I see you have a lot going on! So many opinions, I'm sure your head is spinning!

First, I have never had any issues putting multiple coats of stain on. In fact, I use multiple coats of various colors to add depth. The key is letting the stain dry long enough between coats. But, make sure you use a sealant between coats.

Second, you should NEVER sand Oak with anything higher than 180 grit if you are looking for a deeper color. The higher the grit, the less absorption rate of stain.

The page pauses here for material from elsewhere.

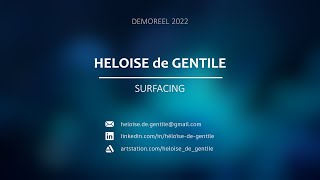 Héloïse de Gentile - Demoreel 2022 (Surfacing)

Third, you should ALWAYS use prestain conditioner to prevent blotchiness. Even on oak. Be careful to pay attention to the type of conditioner you buy. They sell conditioner for both oil and water based. This will effect the absorption rate. If you use an alcohol based stain or dye, burnish the wood with a plain piece of paper. This will close some of the pores. I always use a mixture of 50% dewaxed shellac and 50% denatured alcohol mix instead of the store bought stuff. Wipe on a very thin coat. This method is 100% blotch proof.

Fourth, your top coat issues are caused for several reasons. It appears you put to many coats on w/o sanding in between. This is causing adhesion issues. Brush on lacquer needs to be mechanically binded. The scratch marks of the sandpaper creates this bind. Also, you may be brushing more than 3 mils thick of finish. If each coat is too thick, the air bubbles can't escape. And, you need to cut brush on lacquer with thinner. Start with an 80/20 mix. Work your way down after each coat. (85/15, 90/10 etc...)

Last, there is no quick way to get a finished product that you will be happy with. Take your time. Let the product do what it is supposed to do. 

I have several other comments but will hold off unless asked.


----------



## tpierce (Oct 14, 2013)

Steve Neul said:


> It's hard to say about the sanding. Some plywood you can do quite a bit of sanding and other plywood you can sand through it just thinking about it. If there is enough veneer starting with 100 grit might be a better choice. I can just see the texture of the wood in the pictures. The bottom line is if there is any texture to the wood it can hold dust where it is difficult to get out. If possible it's better to correct this with sanding rather than a thicker finish. With polyurethane it's important to get this dust off before you put another coat on. Sometimes polyurethane will just finish over the dust if there is enough. Mineral spirits won't hurt a dried finish. You will just need to dry it with a clean cloth or allow enough time for it to evaporate before applying another coat. I've heard many people say they have had good luck with foam brushes but I haven't. I quit using them because the caused bubbles for me. If you are going to use a brush I would use as soft a brush as you can find and apply it as thin as possible with as few brush strokes as possible. The more you brush it the faster it sets up and enhances brush marks. Really the best way to finish wood by hand is with a wipe on polyurethane. It takes more coats but the results are usually smoother. Sanding the finish down farther will more likely result in sanding through the finish taking the color off. Then the easiest fix would be to strip the finish off with chemicals and start over. It's a gamble and usually not worth it.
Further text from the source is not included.